A refreshingly unique mix of action platforming and Populous-style 'God' sim, ActRaiser offered gorgeous visuals, amazing music (thanks to Yuzo Koshiro) and incredible depth and variety – so, when the second game turned up, it was something of a shock to discover that the world-building elements had been removed entirely.
We recently sat down with Yuzo Koshiro's sister Ayano and her husband Hitoshi Ariga. Koshiro has enjoyed an amazing career in video game development and design, working on the likes of Sonic the Hedgehog, Streets of Rage 2 and Story of Thor, as well as many other classics. She also worked on both ActRaiser titles and explains why the 1991 original turned out the way it did:
Quintet had conceived the first ActRaiser as an RPG at the time. They wanted to offer a launch title in the style of Dragon Quest. But there wasn't enough time for that, and Mr. Hashimoto, one of the company founders and the game's programmer, also preferred to make an action game. Something like Mega Man 2. So we changed the concept and finished the game within half a year.

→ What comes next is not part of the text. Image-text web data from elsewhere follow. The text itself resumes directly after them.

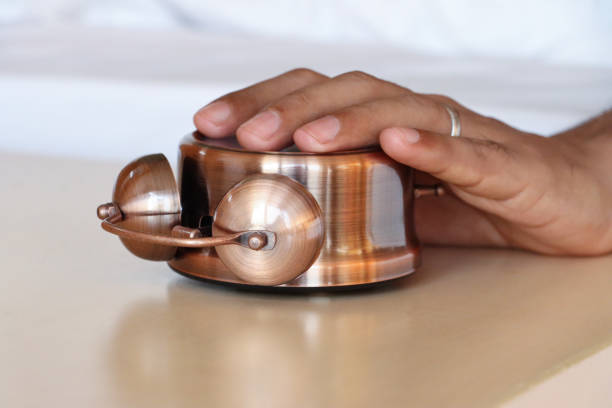 Stock photo showing close-up view of a bronze metal case retro alarm clock with double bell lying face down night stand with hand reaching from under duvet on hotel double bed to turn it off.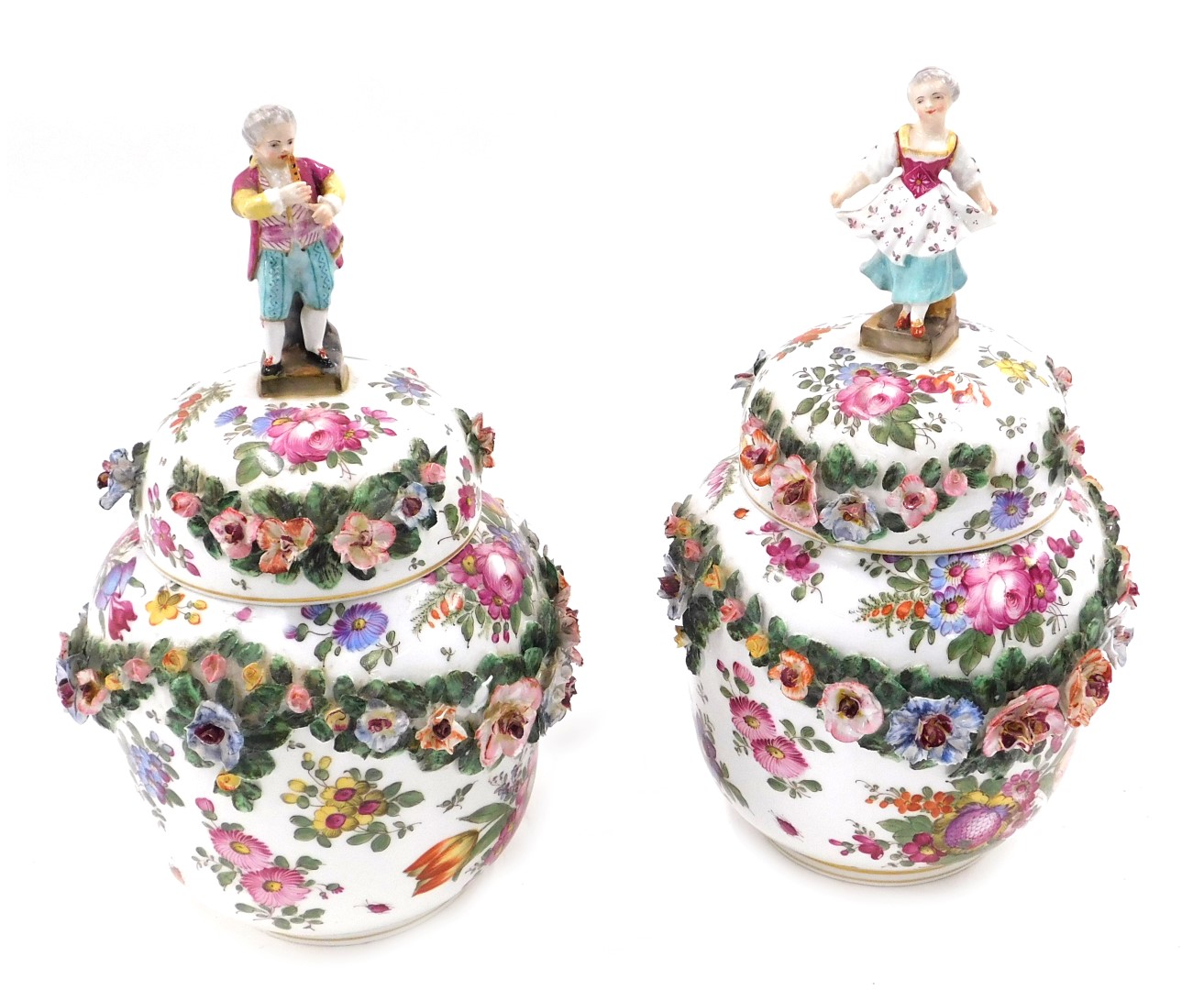 A pair of Dresden porcelain vases and covers, each painted with flowers and with flower encrusted ba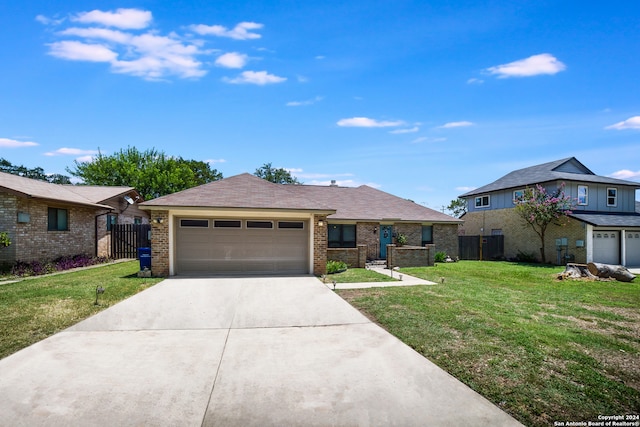 view of front of house featuring a garage and a front lawn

We had never made an action game on a console before. Some aspects of ActRaiser aren't that great either, I think. Sometimes you get attacked from outside the screen. That wasn't so ideal, but we couldn't make it work any better. The jumping behaviour is also a bit strange. We had problems with the angles, so it looks a bit strange. The jumping behaviour was not designed by the designer but by the graphic artist. And while the programmer wanted to make an action game, the lead planner was a big fan of Populous. And then, they combined these two concepts.
She then explains why the interesting blend of action and strategy was removed from the sequel: "That was a directive from the American Enix office." Clearly, someone at Enix's western branch wasn't keen on the 'God' sim sections.
She adds that the difficulty level in the second game was also much higher in the western versions, and this was again due to feedback from Enix's American staff:
The reason for the different difficulty levels was, again, the US branch of Enix. They wanted us to make the game harder because, apparently, people were complaining that they took a whole week off to play the first ActRaiser and then reached the end credits after only two days. They bought it, and then took far less than a week. And those complaints ultimately caused the change in difficulty for the US version. These are simply very different values.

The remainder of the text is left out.